"The Society is an integral and important asset for our community that helps thousands of children, adults and senior citizens overcome vision challenges and discover new ways of living, working, and enriching their lives"
St. Louis Cardinals President William O. DeWitt III Serving as Honorary Chair of St. Louis Society for the Blind & Visually Impaired 100th Anniversary Celebrations in 2011.
William O. DeWitt, III, President of the St. Louis Cardinals, has volunteered to serve as Honorary Chairman of the St. Louis Society for the Blind & Visually Impaired 100th Anniversary Celebrations in 2011, a year-long commitment to publicly support the Society's not-for-profit service mission.
"I am proud to support the St. Louis Society for the Blind & Visually Impaired as Honorary Chairman of its centennial celebrations because of the Cardinals' relationship with the Society dating back nearly a century," DeWitt said.
"The Society is an integral and important asset for our community that helps thousands of children, adults and senior citizens overcome vision challenges and discover new ways of living, working, and enriching their lives," DeWitt said. "I sincerely look forward to helping the Society celebrate its centennial year and gala public activities as Honorary Chair," he said.
Sheila Sweeney, Vice Chair of the Society Board of Directors and Chair of 100th Anniversary Year Celebrations, said, "We are thrilled that Mr. DeWitt will serve as Honorary Chair of the Society's 2011 centennial year festivities, and very grateful for his time and efforts. Year 2011 is historic for the Society for many reasons - Mr. DeWitt's involvement makes it even more special."
Society President David Ekin, ACSW, LCSW, said, "The Society is proud of our heritage of providing programs and services for blind and visually impaired people and their families in metro St. Louis since 1911, and very grateful that Mr. DeWitt supports our service mission."
The Cardinals' and DeWitt family connections with the Society began when Society Founder James C. Jones purchased the Cardinals from Betty Britton, who was the first woman owner of a professional baseball team. As Cardinals Chairman, Mr. Jones brought baseball promoter Branch Rickey to the Cardinals as team President and Manager. Mr. Jones, in 1916, also decided to promote a "bright youngster" who was selling soda pop at Cardinals games to work in the front office. That young man was Bill DeWitt. Young Mr. DeWitt quickly rose through the ranks of the Cardinals business organization and stayed a top executive with the team until 1942, and he remained active in professional baseball until 1981, including as General Manager and owner of the old St. Louis Browns.

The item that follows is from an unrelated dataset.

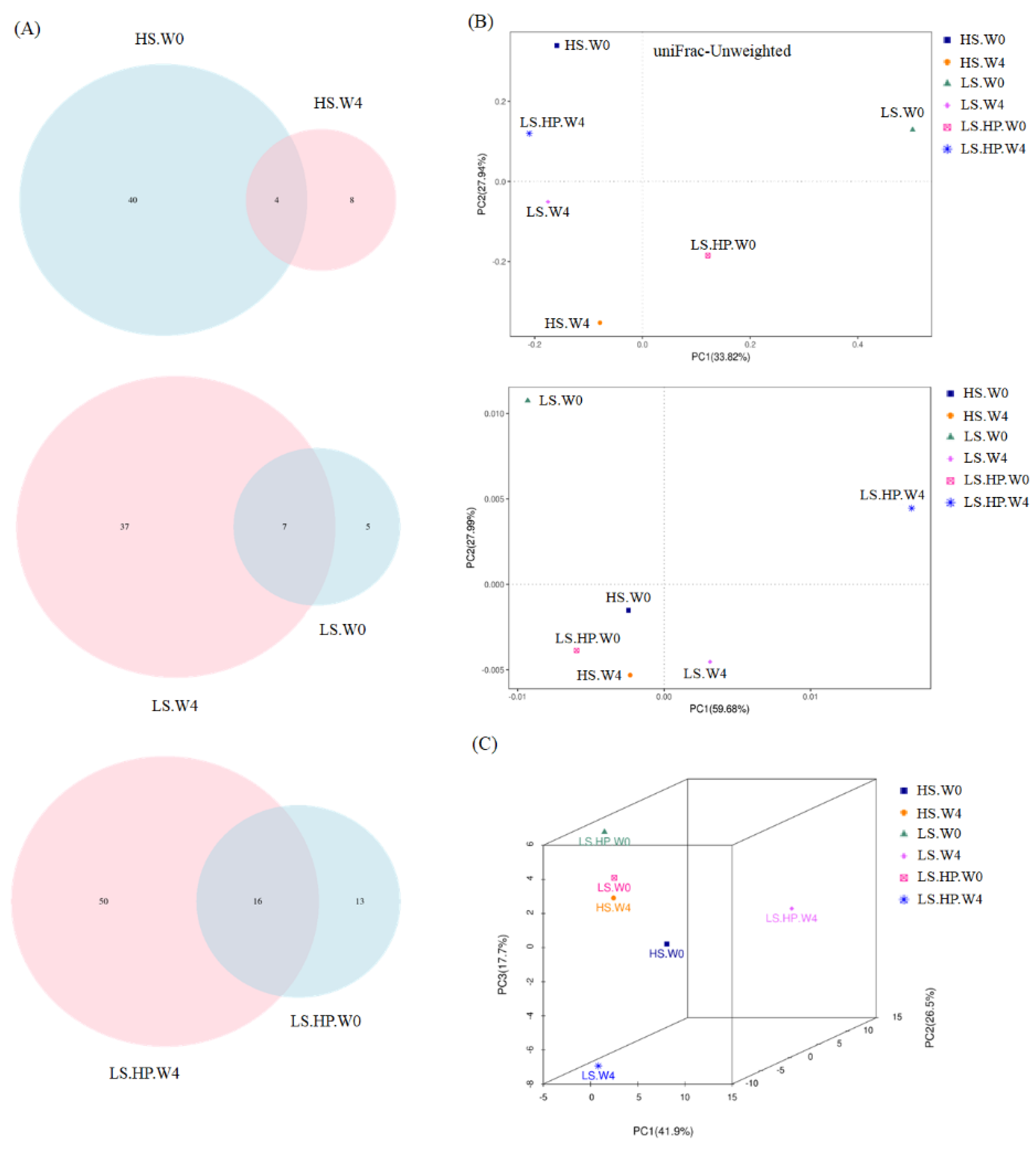 Fermentation 08 00097 g005 550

William DeWitt, Jr., later followed in his father's footsteps in the professional baseball world and, in 1995, became the Cardinals' Chairman and General Partner. His son, William O. DeWitt, III, became President of the Cardinals organization in 2008. The Cardinals team is one of the most popular in baseball and has won ten World Series Championships, second only to the New York Yankees.
In 2011, the Society will celebrate its centennial by hosting special events for people of all ages and walks of life. A few are:
"In Touch With Knowledge: The Educational History of Blind People & History of Braille Writers," a free, hands-on exhibit January 28-March 12, 2011 at Crestwood Court. "In Touch With Knowledge" is presented by the Museum of the American Printing House for the Blind made possible by a gift from Eugene Callahan in memory of his wife, Marie.
"Celebrate a Century: EnVISION the Future," a VIP reception and dinner to celebrate the Society's history and achievements by individuals is April 9, 2011, at the Hilton St. Louis at the Ballpark. The internationally-recognized Leslie Dana Gold Medal Award and other recognitions will honor outstanding achievements in blindness prevention and to the visually impaired community.
"Children & Family Festival in the Park" on September 17, 2011. This fun event for sighted and visually impaired people of all ages will adapt sports and games, including baseball and other activities, for children and youth who are blind or visually impaired. The day-long festival at Shaw Park in Clayton also will feature music, entertainment and food.
The Society enhances independence, empowers individuals and enriches the lives of people who are blind and visually impaired and their families. Its committed staff provides specialized Vision Rehabilitation, Orientation & Mobility, Adaptive Education, Assistive Technology, Children's Services and Support Services. It provides older adults who are newly visually impaired or blind due to age-related eye conditions with home-based services, specialized agency services and community activities. It also renders services to school-age students in Illinois and Missouri. It is the only agency of its kind serving greater St. Louis, and the second oldest of its kind west of the Mississippi River.